→ **WHAT YOU ARE ASKED TO DO**
Each line below should be retyped exactly, with no pictures.

─── SUPPLIED MATERIAL ───

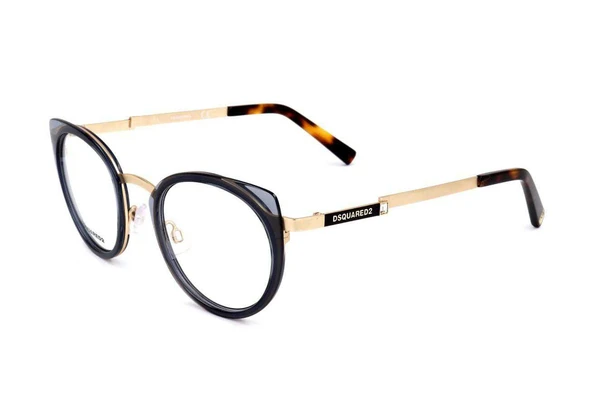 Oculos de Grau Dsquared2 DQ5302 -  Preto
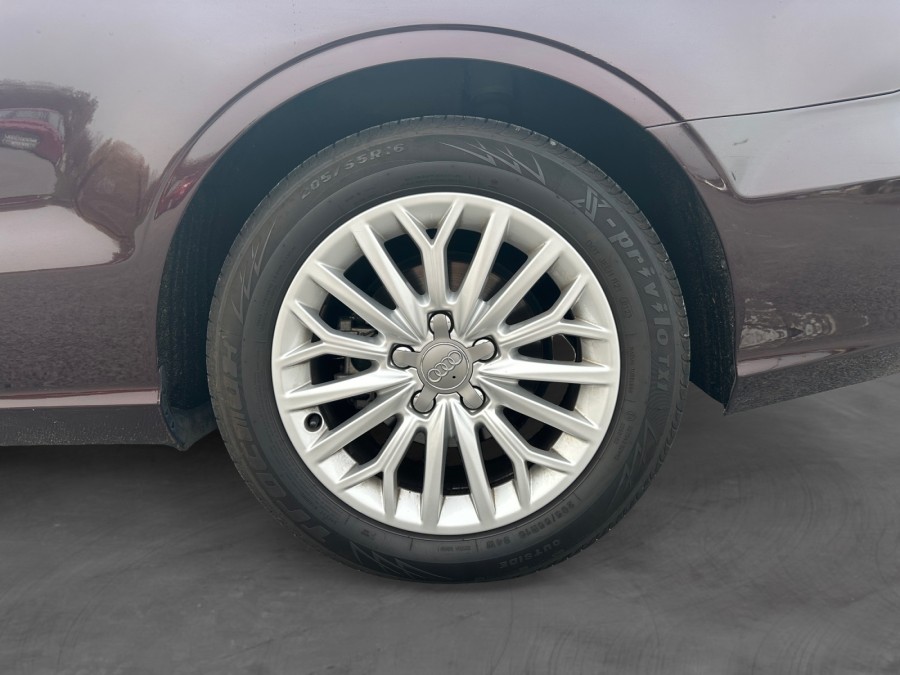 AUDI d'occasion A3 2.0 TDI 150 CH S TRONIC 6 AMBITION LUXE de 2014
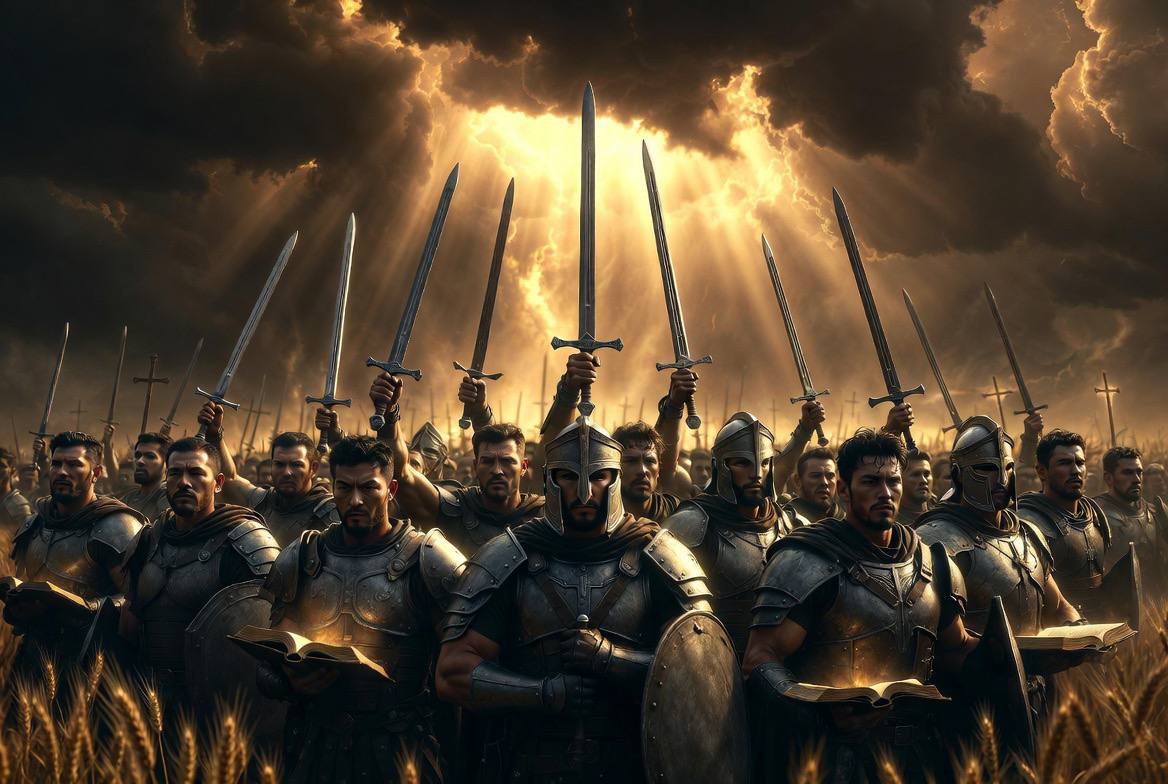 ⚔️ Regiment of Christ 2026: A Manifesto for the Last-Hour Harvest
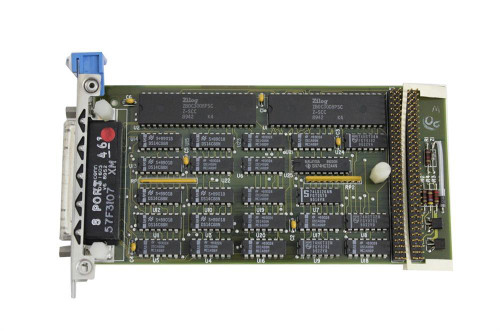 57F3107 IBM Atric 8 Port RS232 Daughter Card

───

→ **EXERCISE ANSWER**
 Oculos de Grau Dsquared2 DQ5302 -  Preto
 AUDI d'occasion A3 2.0 TDI 150 CH S TRONIC 6 AMBITION LUXE de 2014
 ⚔️ Regiment of Christ 2026: A Manifesto for the Last-Hour Harvest
 57F3107 IBM Atric 8 Port RS232 Daughter Card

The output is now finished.